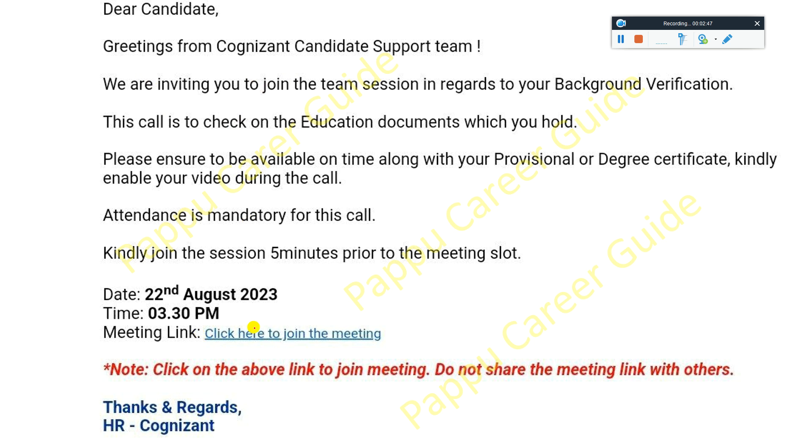You will also receive a mail inviting you to join a team session regarding background verification. This call is to check the education documents you hold. Please ensure you are available for the meeting along with your provisional degree certificate. Keeping your video on during the call is mandatory. Kindly join the session on the given date and time.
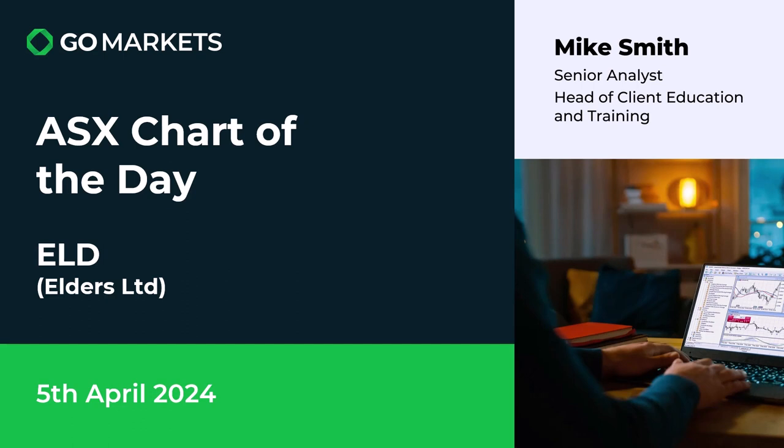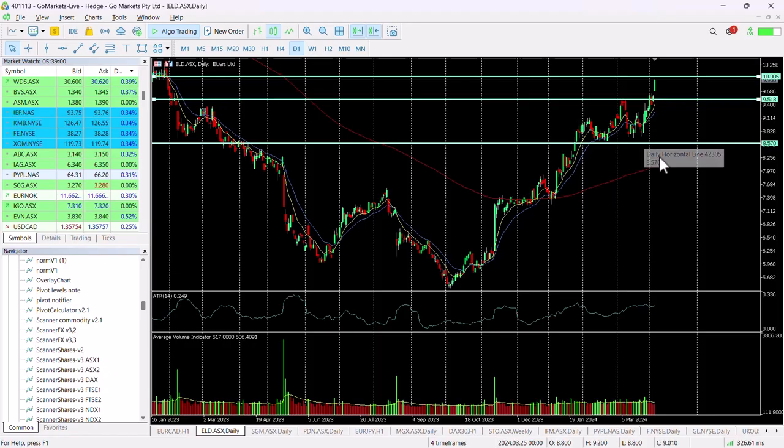It has some interesting price action. It's one we've covered before but it just seems to continue to see buyers come in. We'll look at the chart right now. As you can see, we got interested in this when it breached this level back in January, and you can see it tested $9.51. We liked it again when it breached $9.51 there.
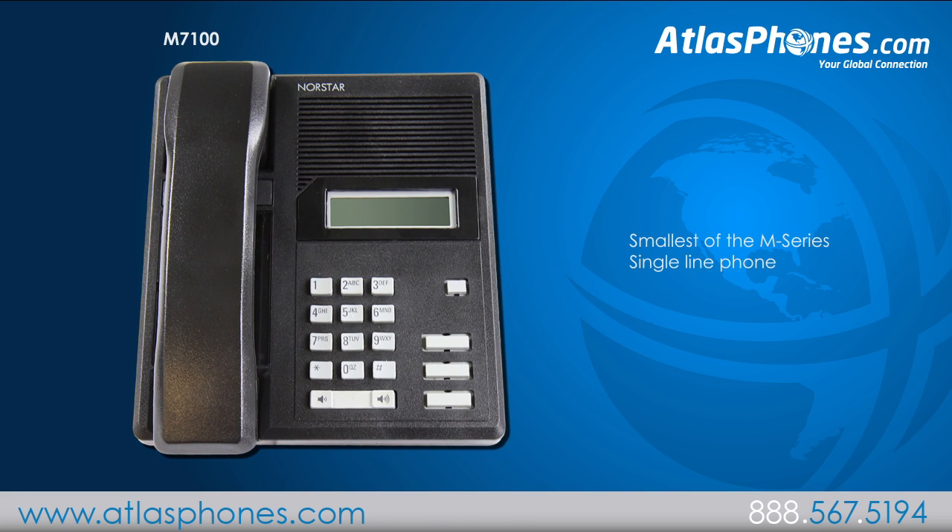The M7100 is the smallest of the M-Series phones. This is a single line phone that is best suited for use in an environment with low phone activity, such as a classroom, warehouse, or in a retail department.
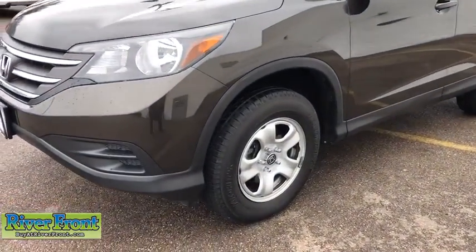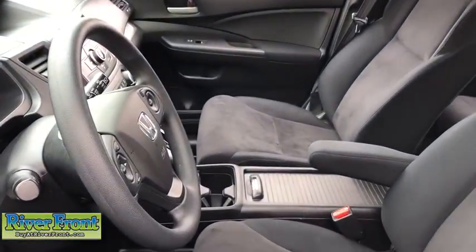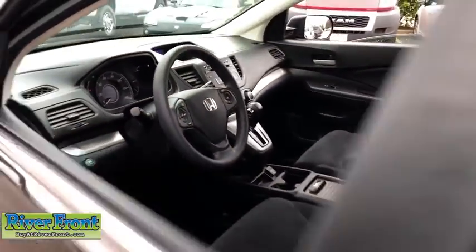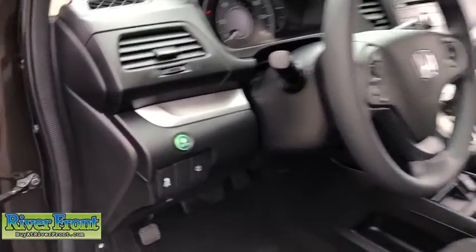This vehicle has less than 60,000 miles. Here are some of this vehicle's great options: traction control, dual airbags, power steering, four-wheel disc brakes, and electronic stability control.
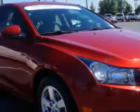Check out this crystal red Tinco 2012 Chevrolet Cruze, equipped with a 4-cylinder engine and an automatic transmission.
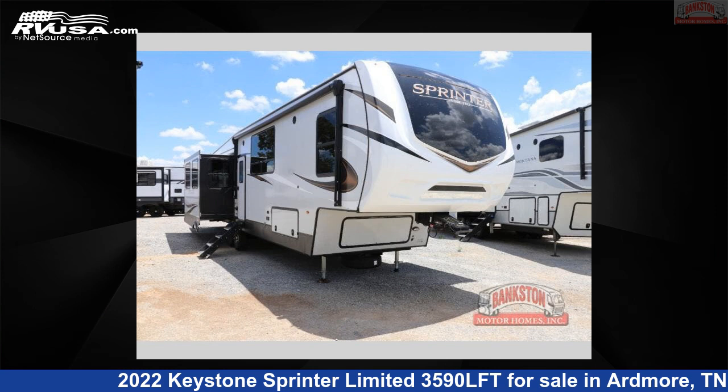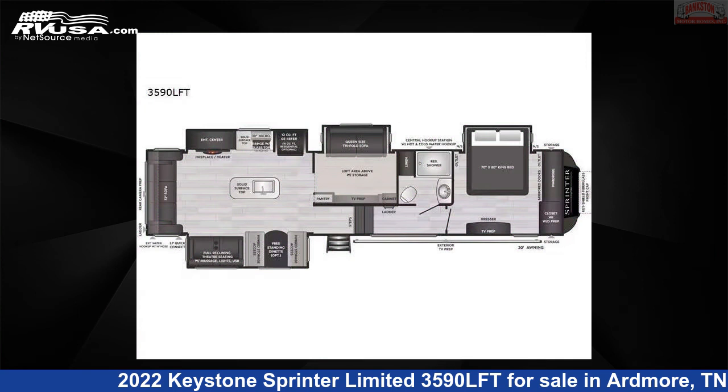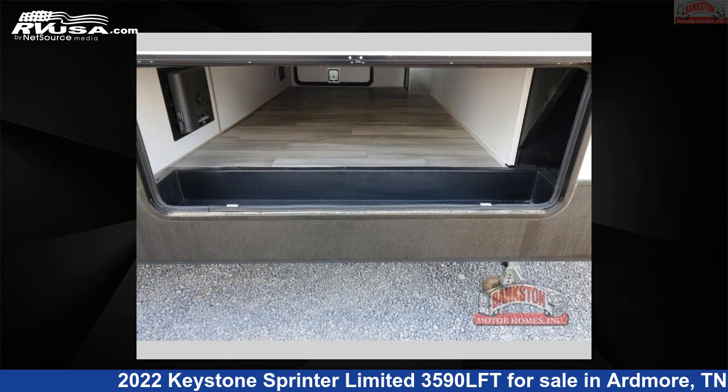This 2022 Keystone Sprinter Limited 3590LFT is a fifth-wheel RV. It is located in Ardmore, Tennessee 38449 and is offered for sale by Bankston Motorhomes of Ardmore.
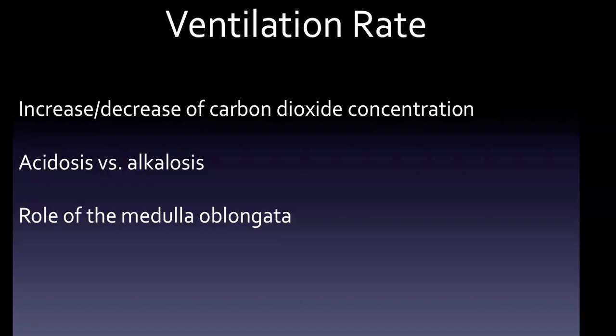In acidosis, the concentration of carbon dioxide is high. An increase in protons decreases the pH of blood, which causes acidosis and leads to an increase in ventilation rate. Alkalosis, on the other hand, has a low concentration of carbon dioxide, a decreased concentration of protons, an increased pH of blood, and a decrease in ventilation rate.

-=-=-=-=-

TASK ITEM: Your answer should be the exact lines above from the one containing "It has some" through the one containing "The M7100 is", with both end lines kept and the pictures removed, please.

COMPLETED TASK:
It has some interesting price action. It's one we've covered before but it just seems to continue to see buyers come in. We'll look at the chart right now. As you can see, we got interested in this when it breached this level back in January, and you can see it tested $9.51. We liked it again when it breached $9.51 there.
The M7100 is the smallest of the M-Series phones. This is a single line phone that is best suited for use in an environment with low phone activity, such as a classroom, warehouse, or in a retail department.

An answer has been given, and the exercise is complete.